Tree Identification: Paper Birch – Betula Papyrifera
Paper Birch, also referred to as White Birch is a deciduous tree that is commonly found near lakes and rivers. It has leaves that are serrated and oval-shaped. This tree is distinguished by its flaking bark, which is bronze when it is young and then becomes white when it matures. The Paper Birch is also a food source for many different animals. Moose, snowshoe hair, beavers, and porcupines all routinely feed on it.

Unfortunately, the Paper Birch is susceptible to several diseases. The Bronze Birch Borer is a native beetle that causes havoc among Birch trees. The beetles lay eggs under the trees’ bark which then hatch in two weeks or less. Symptoms of the borers are chlorotic leaves, dying upper branches, and sparse leaves. Pesticide applications along the trees’ bark in early spring have proven effective against these pests. The Bronze Birch Borer affects all species of Birch but fortunately, the Paper Birch is actually more resistant than other Birch species, showing lower rates of infection.

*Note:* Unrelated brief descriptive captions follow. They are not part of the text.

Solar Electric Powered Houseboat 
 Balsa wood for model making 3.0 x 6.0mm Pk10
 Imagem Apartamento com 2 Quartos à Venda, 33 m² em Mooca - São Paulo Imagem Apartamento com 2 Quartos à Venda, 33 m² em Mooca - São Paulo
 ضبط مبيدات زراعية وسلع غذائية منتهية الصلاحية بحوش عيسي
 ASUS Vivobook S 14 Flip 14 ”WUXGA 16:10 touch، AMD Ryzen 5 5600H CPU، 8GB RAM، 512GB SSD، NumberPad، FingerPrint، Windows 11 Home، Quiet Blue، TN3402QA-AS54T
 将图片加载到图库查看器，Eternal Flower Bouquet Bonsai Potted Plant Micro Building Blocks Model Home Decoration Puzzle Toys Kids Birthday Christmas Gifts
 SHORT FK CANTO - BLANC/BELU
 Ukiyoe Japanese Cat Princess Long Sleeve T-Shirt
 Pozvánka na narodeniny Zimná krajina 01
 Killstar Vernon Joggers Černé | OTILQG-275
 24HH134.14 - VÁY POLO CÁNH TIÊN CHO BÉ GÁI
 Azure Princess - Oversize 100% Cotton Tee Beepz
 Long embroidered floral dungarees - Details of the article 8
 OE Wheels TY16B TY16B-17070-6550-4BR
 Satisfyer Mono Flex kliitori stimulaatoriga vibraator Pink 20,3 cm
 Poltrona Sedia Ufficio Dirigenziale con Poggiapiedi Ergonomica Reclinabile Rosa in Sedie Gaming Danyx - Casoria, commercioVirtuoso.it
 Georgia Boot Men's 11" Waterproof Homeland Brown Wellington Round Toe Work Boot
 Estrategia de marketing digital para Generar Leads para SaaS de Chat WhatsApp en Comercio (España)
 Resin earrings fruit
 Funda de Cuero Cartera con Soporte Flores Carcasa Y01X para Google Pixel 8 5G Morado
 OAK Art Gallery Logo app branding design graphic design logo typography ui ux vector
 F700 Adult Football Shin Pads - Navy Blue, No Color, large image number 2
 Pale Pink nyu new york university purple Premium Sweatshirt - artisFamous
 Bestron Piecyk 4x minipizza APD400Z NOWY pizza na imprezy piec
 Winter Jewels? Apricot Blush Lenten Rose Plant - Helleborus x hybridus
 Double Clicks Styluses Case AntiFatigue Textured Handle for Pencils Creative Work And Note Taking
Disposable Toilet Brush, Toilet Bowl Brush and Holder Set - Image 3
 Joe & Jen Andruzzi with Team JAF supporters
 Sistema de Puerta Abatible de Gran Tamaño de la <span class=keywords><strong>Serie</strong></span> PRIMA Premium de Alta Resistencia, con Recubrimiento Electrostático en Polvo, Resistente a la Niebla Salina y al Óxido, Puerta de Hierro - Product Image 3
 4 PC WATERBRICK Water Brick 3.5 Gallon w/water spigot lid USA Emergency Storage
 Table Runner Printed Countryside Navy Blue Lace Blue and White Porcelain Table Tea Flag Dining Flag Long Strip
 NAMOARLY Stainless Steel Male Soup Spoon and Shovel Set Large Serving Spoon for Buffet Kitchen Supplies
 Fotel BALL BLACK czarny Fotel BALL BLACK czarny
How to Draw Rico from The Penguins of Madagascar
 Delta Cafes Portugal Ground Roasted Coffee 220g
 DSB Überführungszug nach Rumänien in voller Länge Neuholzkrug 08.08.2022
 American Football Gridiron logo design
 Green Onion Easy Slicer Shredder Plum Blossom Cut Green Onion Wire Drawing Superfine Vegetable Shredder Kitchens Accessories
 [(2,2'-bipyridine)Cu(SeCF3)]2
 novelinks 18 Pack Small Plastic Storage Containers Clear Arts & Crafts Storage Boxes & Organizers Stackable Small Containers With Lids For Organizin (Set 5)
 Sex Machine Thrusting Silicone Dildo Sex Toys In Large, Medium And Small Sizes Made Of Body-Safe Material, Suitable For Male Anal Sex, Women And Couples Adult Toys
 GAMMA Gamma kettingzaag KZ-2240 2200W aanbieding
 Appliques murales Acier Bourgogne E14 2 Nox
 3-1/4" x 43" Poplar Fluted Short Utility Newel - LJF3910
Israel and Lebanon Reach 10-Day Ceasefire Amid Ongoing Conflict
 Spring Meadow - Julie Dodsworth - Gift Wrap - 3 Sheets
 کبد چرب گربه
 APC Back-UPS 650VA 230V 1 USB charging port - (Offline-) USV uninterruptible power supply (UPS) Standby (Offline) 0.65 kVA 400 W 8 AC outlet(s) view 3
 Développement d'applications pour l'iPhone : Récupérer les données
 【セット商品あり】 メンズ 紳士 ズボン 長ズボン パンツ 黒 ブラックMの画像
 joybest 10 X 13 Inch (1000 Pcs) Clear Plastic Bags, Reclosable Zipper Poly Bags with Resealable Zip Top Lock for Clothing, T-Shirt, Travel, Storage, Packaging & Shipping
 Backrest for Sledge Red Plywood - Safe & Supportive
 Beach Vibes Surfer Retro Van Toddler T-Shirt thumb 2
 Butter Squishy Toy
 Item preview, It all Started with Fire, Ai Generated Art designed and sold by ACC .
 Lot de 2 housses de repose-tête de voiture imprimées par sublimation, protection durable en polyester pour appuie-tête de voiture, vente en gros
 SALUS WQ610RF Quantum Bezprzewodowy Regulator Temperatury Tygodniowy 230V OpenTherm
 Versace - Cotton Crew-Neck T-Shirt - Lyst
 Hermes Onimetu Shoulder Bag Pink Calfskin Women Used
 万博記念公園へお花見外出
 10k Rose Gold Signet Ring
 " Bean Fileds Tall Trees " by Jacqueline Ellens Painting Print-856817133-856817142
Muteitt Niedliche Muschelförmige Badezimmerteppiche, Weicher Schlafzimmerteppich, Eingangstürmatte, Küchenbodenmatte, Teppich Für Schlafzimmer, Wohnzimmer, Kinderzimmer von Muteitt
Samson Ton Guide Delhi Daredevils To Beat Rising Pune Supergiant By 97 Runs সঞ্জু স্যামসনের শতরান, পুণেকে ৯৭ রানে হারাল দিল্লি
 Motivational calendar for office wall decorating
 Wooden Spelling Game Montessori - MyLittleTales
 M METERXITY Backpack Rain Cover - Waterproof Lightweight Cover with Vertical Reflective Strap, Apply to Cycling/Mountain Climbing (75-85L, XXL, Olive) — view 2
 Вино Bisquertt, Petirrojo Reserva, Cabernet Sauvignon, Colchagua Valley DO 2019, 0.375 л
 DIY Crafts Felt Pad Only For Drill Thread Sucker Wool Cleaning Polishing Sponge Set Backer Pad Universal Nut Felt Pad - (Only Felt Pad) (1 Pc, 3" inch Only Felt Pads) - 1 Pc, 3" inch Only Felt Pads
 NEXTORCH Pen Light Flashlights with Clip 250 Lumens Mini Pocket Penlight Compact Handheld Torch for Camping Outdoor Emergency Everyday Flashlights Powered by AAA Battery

Paper Birch are also susceptible to what is commonly referred to as “Birch Die Back”. This is when the crown and other branches on the tree start to die. This happens when the roots of the tree become overheated because there is not enough leaf cover to cool them. If you have Paper Birch present on your property a way to prevent this is to put organic mulch around the roots while providing good drainage to the soil.

The Paper Birch is a beautiful tree commonly found in the Northwoods of Wisconsin. It is a food source for a variety of wildlife and there are viable treatment options available to keep them healthy if you happen to find them on your property.